The Archbishop of Canterbury has warned of “more outbreaks of futile anarchy” like this summer’s riots unless the Government and society do more to rescue young people “who think they have nothing to lose”.
Writing in The Guardian, Rowan Williams called for “youth-testing” of national and local government cuts and said that cutting the provision of youth services should be “manifestly indefensible”.
He said he felt “enormous sadness” about the riots that erupted in London and spread across the country in August. Too many young people lived lives in which “anger and depression are almost the default setting” and valued themselves according to a “Darwinian hierarchy of style”, he wrote.
The Archbishop said young people needed love and a dependable background for their lives so that they knew they did not “have to fight ceaselessly for recognition”.
“We should be keeping a sharp eye on working practices that undermine this, and asking how law and society reinforce the right kinds of family stability by training in parenting skills as well as high quality out-of-school activity and care,” he wrote.
“We should be challenging an educational philosophy too absorbed in meeting targets to shape character.
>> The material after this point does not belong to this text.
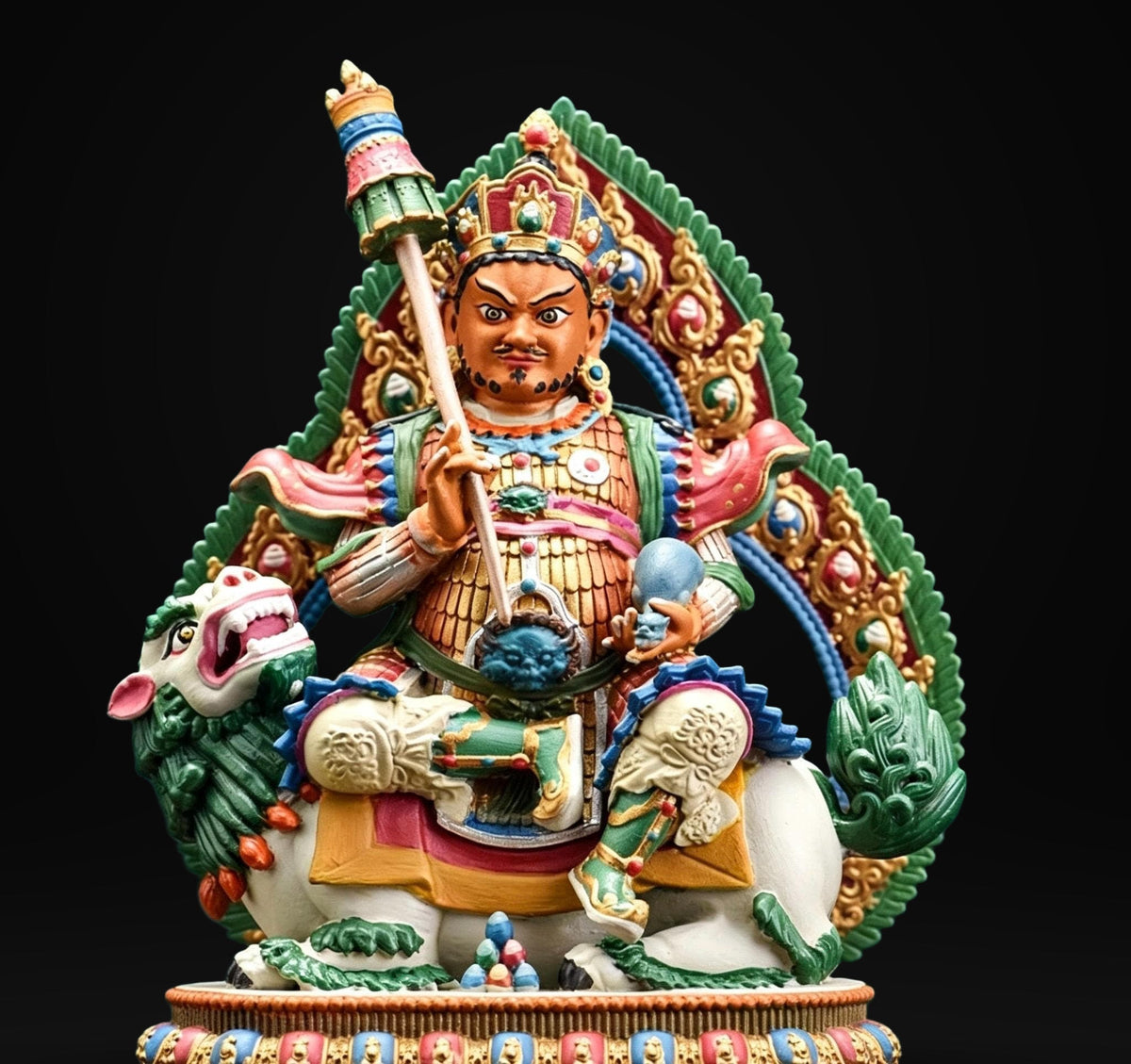 Painted Solid Copper Kagyu Mahakala Statue 11cm, Handcrafted Tibetan Buddhist Guardian Deity, Portable Vajrayana Altar Decor Gift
And we should look long and hard at the assumptions we breed into our children about acquisition and individual material profit.”He said that it was important to avoid “demonising” young people and that criminalising them would reinforce the problem.
“Of course crime needs punishment, and limits of acceptable behaviour have to be set.
“The youth justice system has a good record in restorative justice that brings people up sharp against the human consequences of what they have done.
“We have the tools for something other than vindictive or exemplary penalties,” he added.
“We may well wince when some describe how the riots brought them a feeling of intense joy, liberation, power. But we have to go on to ask what kind of life it is in which your emotional highs come from watching a shop being torched or a policeman being hit by a brick,” he writes.
It isn’t surprising if we see volatile, chaotic and rootless young people letting off their frustration in the kind of destructive frenzy we witnessed in August,” Williams wrote, commenting on the findings of the Guardian and a London School of Economics study based on interviews with 270 rioters.
The “Reading of the Riots” study noted that a large number of people, when asked about their involvement, said such riots would be repeated, and one in three expected that they would take part in any future disturbance.
According to the study, 81 per cent believed the riots would happen again. Two-thirds of the 270 people who were interviewed predicted that there would be more riots in the next two years.
The survey found that rioters were mainly from the country’s most deprived areas. Many respondents expressed concern about falling living standards and growing unemployment due to the worsening economic climate.
The archbishop said that he felt sad after reading about the response of the rioters. He wrote in the newspaper: “Too many of these young people assume they are not going to have any ordinary, human, respectful relationships with adults – especially those in authority, the police above all. Too many of them inhabit a world in which the obsession with ”good” clothes and accessories – against a backdrop of economic insecurity or simple privation – creates a feverish atmosphere where status falls and rises as suddenly and destructively as a currency market.”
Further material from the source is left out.